Ces marches de l’hiver, ces départs enveloppés de nuit, l’épaule prise dans l’étau de la glace, quitter le chaud de l’intérieur, la sécurité des murs, franchir la porte et le seuil pour une fois de plus naître de sa mère. Cette marche qui nous expulse de nos conforts et de nos tranquillités comme un nouvel accouchement. Quitter pour passer de « l’avoir » à « l’être ». Se retrouver dehors, n’ayant plus qu’un chemin pour maison. S’enfoncer dans la nuit. Écouter nos pas, battant à notre rythme, celui de notre souffle. Nos pas, battements de notre cœur.

Ces marches de l’été, écrasées de soleil. La tonne de chaleur sur le dos, la sueur, la gorge brûlée et cette ombre obstinée qui ne cesse de nous accompagner. Et si cette ombre, notre image, nous en disait plus ? Si elle nous disait que nous marchons à l’ombre de Dieu ? Et que nous sommes nous-mêmes les ombres et les images de Dieu ?

« Lève-toi et marche ! »
C’est donc que quelque urgence nous presse, sinon pourquoi irions-nous dehors nous risquer nous-mêmes ?
Pourquoi ces marches du petit jour alors que tous continuent à sommeiller de leur propre mort ? Nous voilà donc comme des ressuscités avant le lever du jour. Nous avons écarté la pierre de nos tombeaux. Nous sommes des nouveau-nés et nous n’aurons jamais fini d’apprendre à marcher.

Si nous marchons, c’est donc pour aller ailleurs. C’est donc qu’il existe un ailleurs, qu’il existe une issue et que nous ne sommes pas coincés dans nos impasses.
Nos pas prennent le pas sur nous, nos pas nous précèdent.
Ils vont devant et nous les suivons.
Nos pas font ce que notre cœur nous refusait de faire.
Nos pas font ce que nous voudrions voir faire à notre foi.

Croire nous rentre par les pieds.
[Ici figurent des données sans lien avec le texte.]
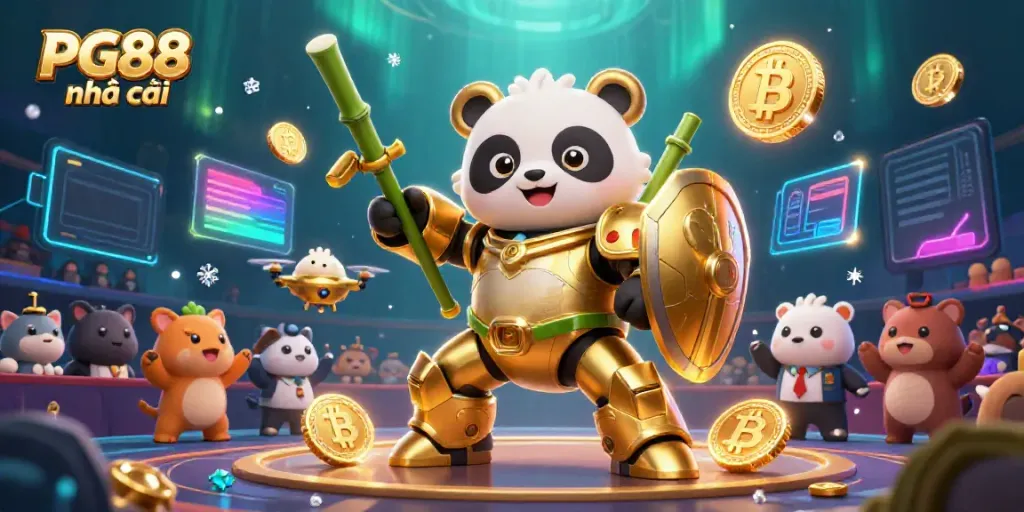 Engaging scene showing PG88 nhà cái in action, with a mech-panda and dynamic gambling elements.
C’est quelquefois le corps qui porte l’âme en avant.
Nous nous arrachons à nos passés pour nous enfoncer dans l’avenir. C’est la marche du Peuple de Dieu arraché à ses oignons d’Égypte. Nous gardons la nostalgie des graisses de nos illusions et des marmites de nos désenchantements. La tentation de la marche arrière. La marche nous tire en avant, car Dieu marche en tête. Notre histoire n’est pas seulement derrière nous, mais devant. Nous sommes précédés. Nous marchons et notre marche écrit une histoire sainte.
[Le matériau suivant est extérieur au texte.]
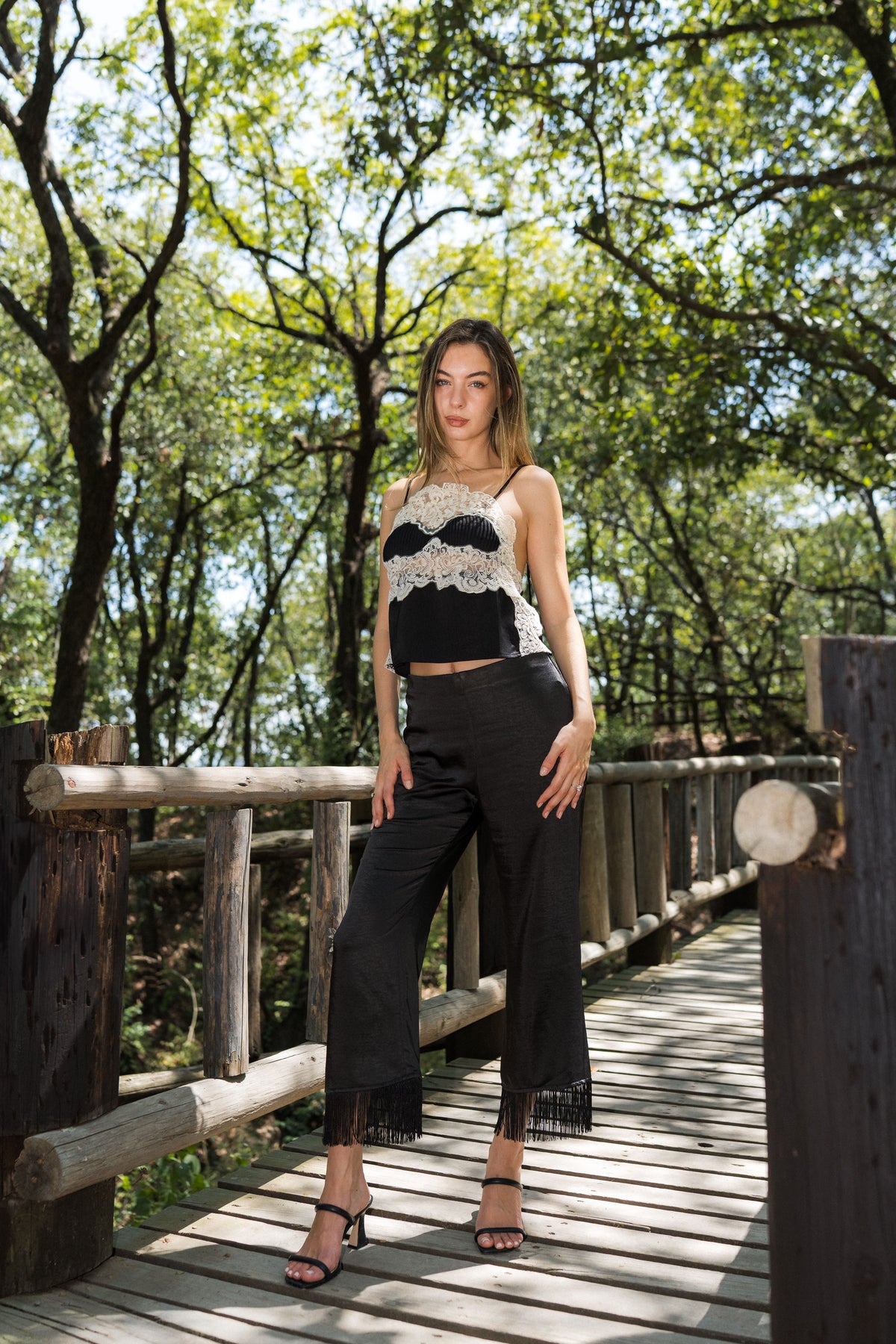 Lace Bustier Top — Black with Lace Ivory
Nous voici marchant le long de ce Carême, franchissant ce désert de la quarantaine. Quarante jours pour réapprendre le cœur nomade. Notre Dieu est celui de l’Exode. Lui-même n’a jamais eu pour lui une pierre où reposer la tête.
Le Carême ne fait pas pénitence pour le plaisir de savourer la privation. Le Carême est un marcheur et s’il allège le sac, c’est pour marcher plus à son aise. S’il jeûne, c’est pour avoir moins lourd à traîner et pour garder la forme. S’il se lève plus tôt, c’est parce qu’il est plus agréable de marcher de bonne heure et que la route sera longue. S’il veille, c’est pour être plus sûr de ne pas rater le départ. Si le Carême prie, c’est que la marche creuse l’appétit de Dieu.
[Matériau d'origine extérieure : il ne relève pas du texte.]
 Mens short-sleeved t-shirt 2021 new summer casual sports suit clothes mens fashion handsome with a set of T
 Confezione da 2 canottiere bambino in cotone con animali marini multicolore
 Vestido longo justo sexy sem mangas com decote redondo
Si c’est le Ressuscité que vous cherchez, levez-vous et mettez-vous en marche. Mettez vos cœurs au départ, prenez la route et allez devant. Qui sait, peut-être sur votre chemin d’Emmaüs quelqu’un vous rejoindra que vous ne connaissez pas encore, car Dieu ne peut être que surprise et c’est toujours en marche que Dieu a ses rendez-vous.